- Humpback Mountain Location within North Carolina

Highest point
- Elevation: 4,245 ft (1,294 m)
- Coordinates: 35°56′40″N 81°57′42″W﻿ / ﻿35.94444°N 81.96167°W

Geography
- Location: Avery County, North Carolina, U.S.
- Parent range: Blue Ridge Mountains
- Topo map: USGS Linville Falls

= Humpback Mountain (North Carolina) =

Mountain in North Carolina, United States

Humpback Mountain is a mountain in the North Carolina High Country and the Pisgah National Forest, located southwest of Linville Falls. The mountain is accessible along the Blue Ridge Parkway, which ride along its eastern slope. The peak reaches an elevation of 4245 ft, in Avery County; while the overall mountain is also in McDowell County. Two ridges, Mill Ridge and Dividing Ridge, form from the western side of the mountain.

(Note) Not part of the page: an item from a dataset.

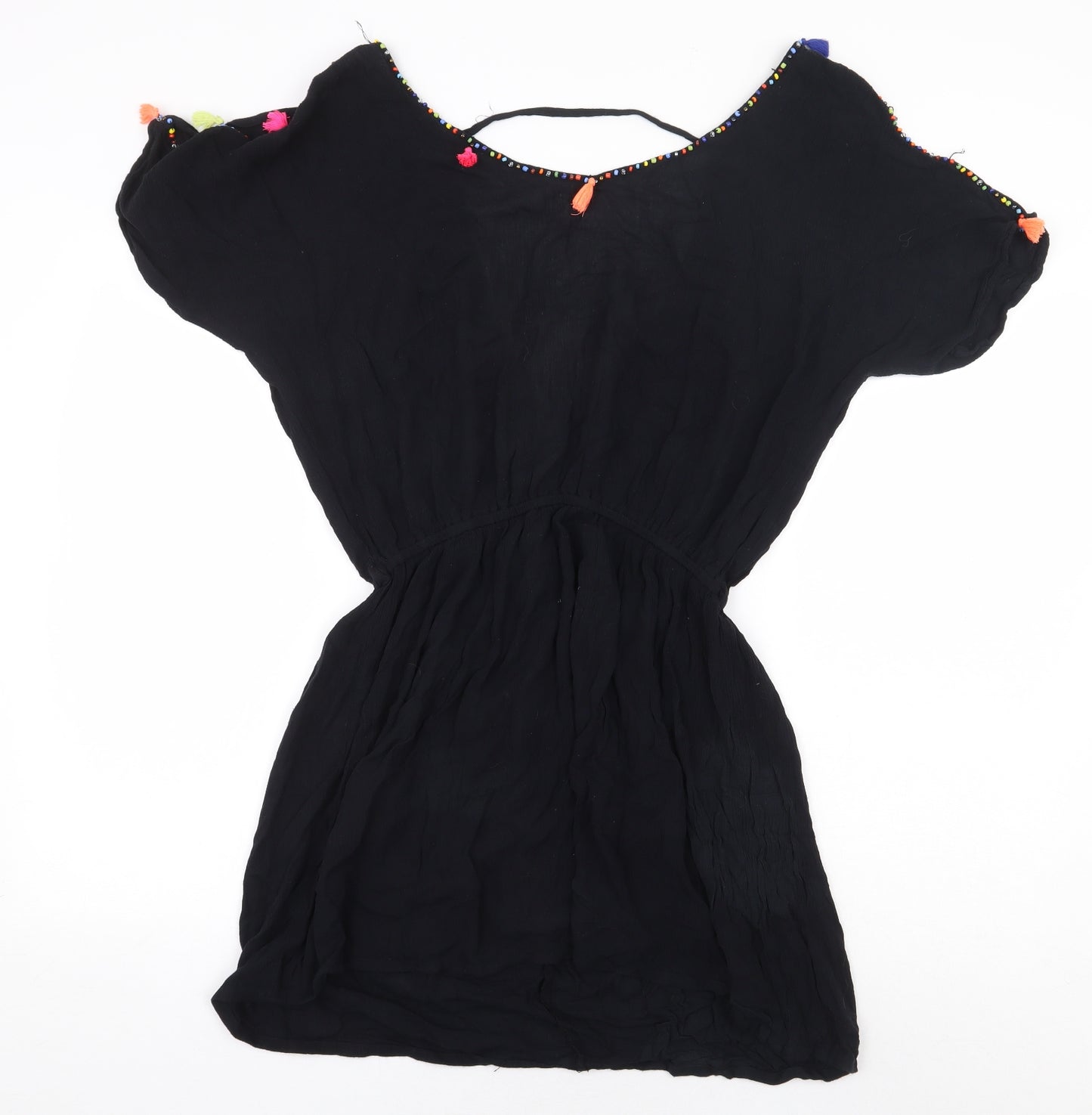 Papaya Womens Black Viscose A-Line Size S V-Neck Pullover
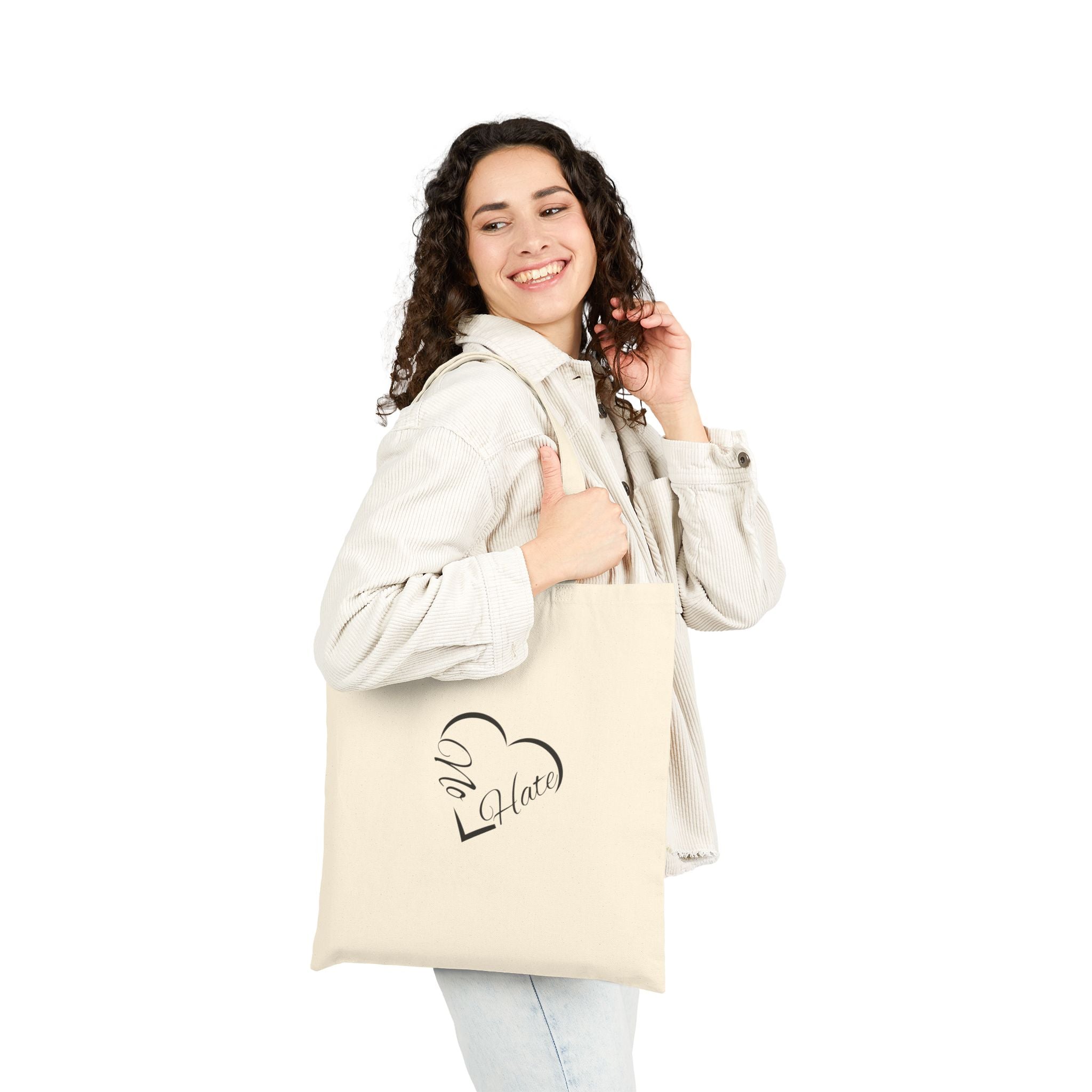 Canvas Tote Bag – "No Hate" Heart Graphic Eco Shopper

Split by the Eastern Continental Divide, the mountain generates feeder streams to the North Fork Catawba River on its eastern slopes and to the North Toe River on its western slopes.

==Land conservancy==
On December 5, 2013, the Conservation Trust of North Carolina purchased 523 acre along the Blue Ridge Parkway for $2.5 million, most of which is on Humpback Mountain. The property will eventually be transferred over to the North Carolina Wildlife Resources Commission to own and manage.